Data completeness – wherein end‑to‑end data validation among heterogeneous big data sources is tested.

Data transformation – wherein structured and unstructured data validations are performed based on business rules.

Data quality – wherein rejected, ignored and invalid data is identified.

Performance and scalability – wherein scalable technical architecture used for data processing is tested.

Traditional Data Processing versus big data Processing

Discussions around the differences between traditional data processing and big data processing models raised questions with respect to tools and technology, skill sets, process and templates and cost.

When considering the big data characteristics of volume, velocity and variety, the following challenges and recommended approaches to deal with them were highlighted at the roundtable sessions:

100% test coverage versus adequate test coverage: focus required on adequate test coverage by prioritising projects and situations.

Setting up a production‑like environment for performance testing: recommends simulating and test stubbing components which are not ready and available during testing phase.

High scripting efforts while dealing with variety of data: requires a strong collaboration among testing, development, IT and all other teams, along with a strong resource skill set.

Key Components of a big data Testing Strategy

The recommended big data testing strategy should include the following:

Big test data management.
Big data validation.
Big data profiling.
Big data security testing.
Failover testing.
Big data environment testing.
Big data performance testing.

SAMPLE STRATEGY:

Testing Big Data is one of the biggest challenges faced by organizations due to lack of understanding of what to test and how much data to test.Organizations have been facing challenges in defining test strategies for structured and unstructured data validation, setting up test environment, working with non-relational databases and performing non-functional testing.

Big Data Testing Approach

Testing needs to be performed at each of three phases of big data processing to ensure that data is getting processed without errors.

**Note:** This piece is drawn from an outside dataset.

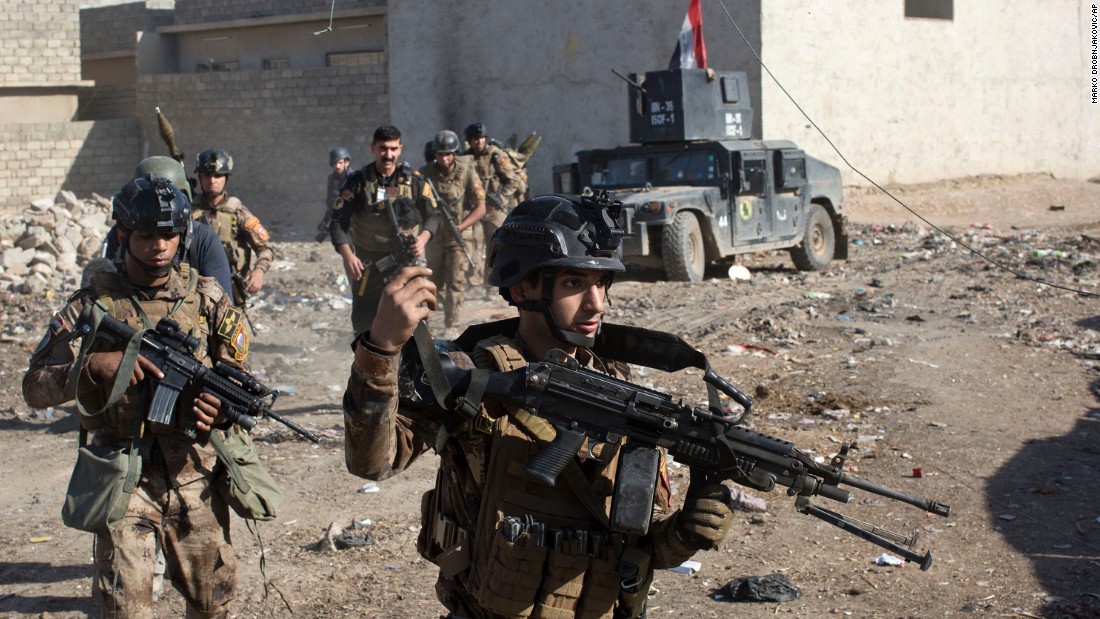 Iraqi soldiers patrol an alley on the outskirts of Mosul on Friday, November 4.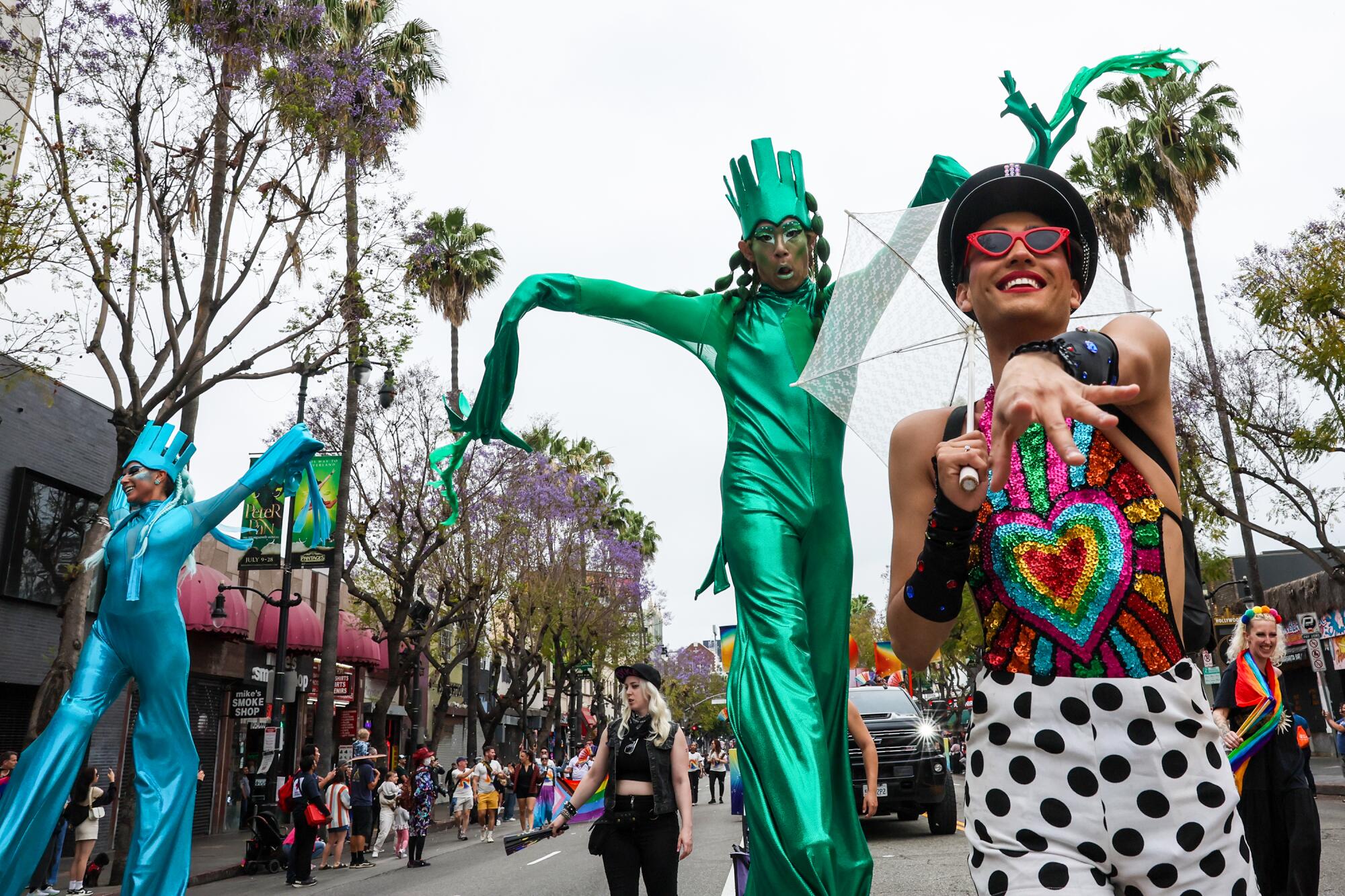 Tino Glamour leads a group of stilted dancers in brightly colored outfits in the 2024 LA Pride Parade.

Functional testing includes (i) validation of pre-hadoop processing (ii) validation of hadoop map reduce data output (iii) validation of data extract and load into EDW. Apart from these functional testing, non-functional testing like performance and fail over testing needs to be performed.

Image below shows a typical Big Data architecture diagram and highlights the area where testing should be focused.

Volume, Variety and Velocity: How to test?

During these phases of big data processing the three dimensions and characteristics of Big Data i.e. Volume, Variety and Velocity are validated to ensure there are no data quality defects or performance issues.

Volume: The amount of data created both inside and outside the organization. Huge volumes of data flows from multiple systems which needs to be processed and analyzed. To reduce time for execution we can run all comparison scripts in parallel on multiple nodes.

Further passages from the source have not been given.